Fannie & Freddie: Paving The Way For More Socialism

The news lately has been dominated by the potential failures of Fannie Mae and Freddie Mac, the innocent-sounding names of two giant mortgage lenders set up by the government years ago. I've been reading as many articles and editorials as I can (RealClearMarkets.com is my favorite collection of multiple economic opinions), and it seems that Fannie and Freedie (or, the FM's) hold $5 trillion in housing loans, or half the national debt, and no one wants to think about what happens if these guys go under, and there's even talk about the government bailing them out.

I may be oversimplifying things in my limited understanding, but it seems that Congress set the FM's up years ago to help more people afford houses. Indeed, as long as everyone pays you back, it doesn't matter how many people you guarantee a loan for; no matter how much money you really have - it will all balance out after everyone gets their money and pays you back. But when thousands of people have to default - because no matter how much the government wants to believe it, it can't automatically make houses affordable for everyone - there's a big problem because most of that money never really existed, and now it matters.

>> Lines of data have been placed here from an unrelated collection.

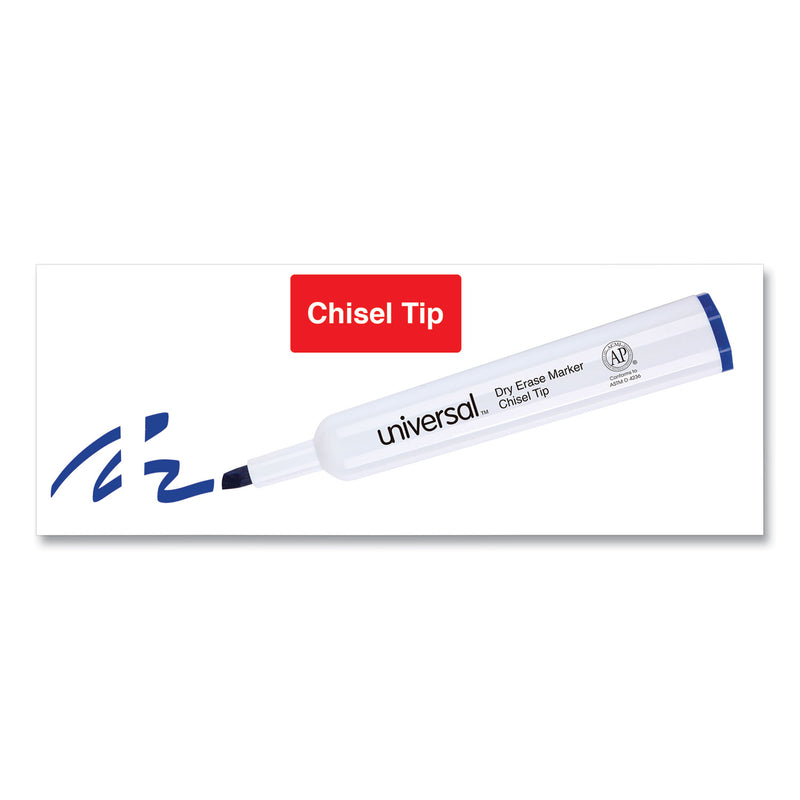 Universal Dry Erase Marker, Broad Chisel Tip, Blue, Dozen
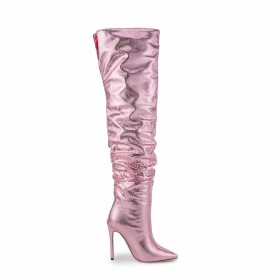 Botte Cuissarde Serpent Brillante Bottes Hautes Talon Haut 12 cm Habillé Talons Aiguilles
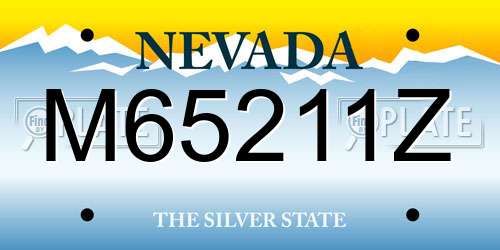 M65211Z Nevada License Plate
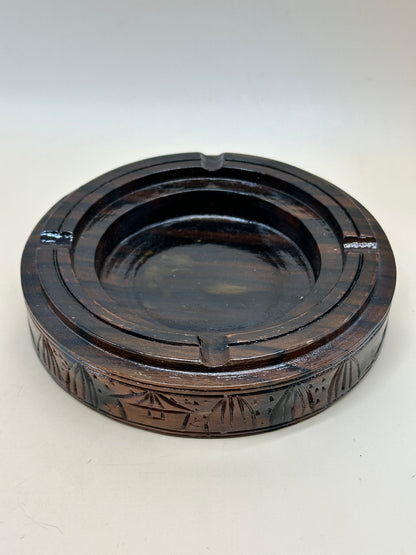 TB37 - Vintage Ebony Wood Ashtray 黒檀の灰皿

Now the root of this problem was in too much government involvement - it artificially influenced supply and demand for housing, and it's coming back to haunt them. But in the cruel irony of advancing socialism, capitalism and free markets are being blamed for not regulating the FM's well enough to keep this from happening, and populist appeal is building for more government intervention - bailouts, regulations, and who knows what else.

In other words, government involvement was the problem, but when government involvement fails, the suggested solution is that the government needs to be more involved... and round and round goes the expanding circle of big government. (Andrew Napolitano and the Washington Post have some decent, explanatory editorials.)